The contract was signed by Jimmy Page, and laid out a three-year deal for the band.
Credit: Robert Knight Archive/Redferns
Led Zeppelin’s original contract with Atlantic Records has been newly unveiled, and, interestingly, it states that guitarist Jimmy Page could have replaced any or all members of the band and kept the Led Zeppelin name.
The contract was signed by both Page and Atlantic Records founder and president Ahmet Ertegun on 11 November 1968. In the case of a hypothetical firing, those that had been let go would have been blocked from performing under their famous moniker.
The contract, which is 14 pages long, has been obtained by LedZepNews. The outlet states that it got hold of the contract via a 2005 Florida court filing made by a lawyer representing Steve Weiss, who represented the band from 1968 to the 1980s.

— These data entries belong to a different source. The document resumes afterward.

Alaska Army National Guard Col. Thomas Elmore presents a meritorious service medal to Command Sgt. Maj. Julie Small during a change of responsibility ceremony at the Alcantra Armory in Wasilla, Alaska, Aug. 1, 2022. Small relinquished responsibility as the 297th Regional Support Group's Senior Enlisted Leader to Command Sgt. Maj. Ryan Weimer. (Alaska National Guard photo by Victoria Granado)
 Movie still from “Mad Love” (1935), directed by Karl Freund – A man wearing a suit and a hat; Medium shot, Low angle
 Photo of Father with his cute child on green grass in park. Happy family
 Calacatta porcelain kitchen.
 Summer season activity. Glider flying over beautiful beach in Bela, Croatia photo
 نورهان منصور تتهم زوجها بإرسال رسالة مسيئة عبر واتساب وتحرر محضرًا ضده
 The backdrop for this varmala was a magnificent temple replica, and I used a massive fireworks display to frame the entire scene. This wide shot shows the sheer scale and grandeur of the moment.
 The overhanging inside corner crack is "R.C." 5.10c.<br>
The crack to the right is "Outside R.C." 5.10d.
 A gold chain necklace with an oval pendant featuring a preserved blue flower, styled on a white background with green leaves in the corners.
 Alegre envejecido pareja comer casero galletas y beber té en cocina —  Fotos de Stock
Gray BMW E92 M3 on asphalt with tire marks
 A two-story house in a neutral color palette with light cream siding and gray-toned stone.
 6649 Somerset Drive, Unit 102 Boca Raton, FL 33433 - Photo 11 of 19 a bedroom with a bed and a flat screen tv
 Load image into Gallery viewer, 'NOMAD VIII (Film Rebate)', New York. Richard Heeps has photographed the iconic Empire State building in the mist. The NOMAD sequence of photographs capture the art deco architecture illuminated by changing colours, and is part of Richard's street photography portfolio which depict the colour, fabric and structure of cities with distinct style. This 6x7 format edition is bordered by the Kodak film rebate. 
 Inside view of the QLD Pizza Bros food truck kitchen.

Weiss took legal action against Atlantic Records over his share of royalties from Led Zeppelin releases in the 2000s, in which the band’s original contract was put forward as evidence, though it was eventually settled out of court.
Elsewhere, the document shows that the band received $104,100 from Atlantic Records as part of a three-year deal (formerly believed to have been a five-year deal) to record 24 sides of 45rpm vinyl records per year.
The band later received $51,300 in 1969 followed by another $51,300 in 1970. The 2005 filings also include a letter showing that on 4 December 1969, Led Zeppelin’s contract with Atlantic Records was extended by two years to end on 31 October 1973.
View the document below, shared via LedZepNews:
In other Zeppelin news, it was just last year that the identity of the man pictured in Led Zeppelin’s Led Zeppelin IV album was uncovered. Brian Edwards – of the University of the West of England (UWE) – said he was confident that the man was likely a 19th-century thatcher by the name of Lot Long, from Mere, Wiltshire in the UK.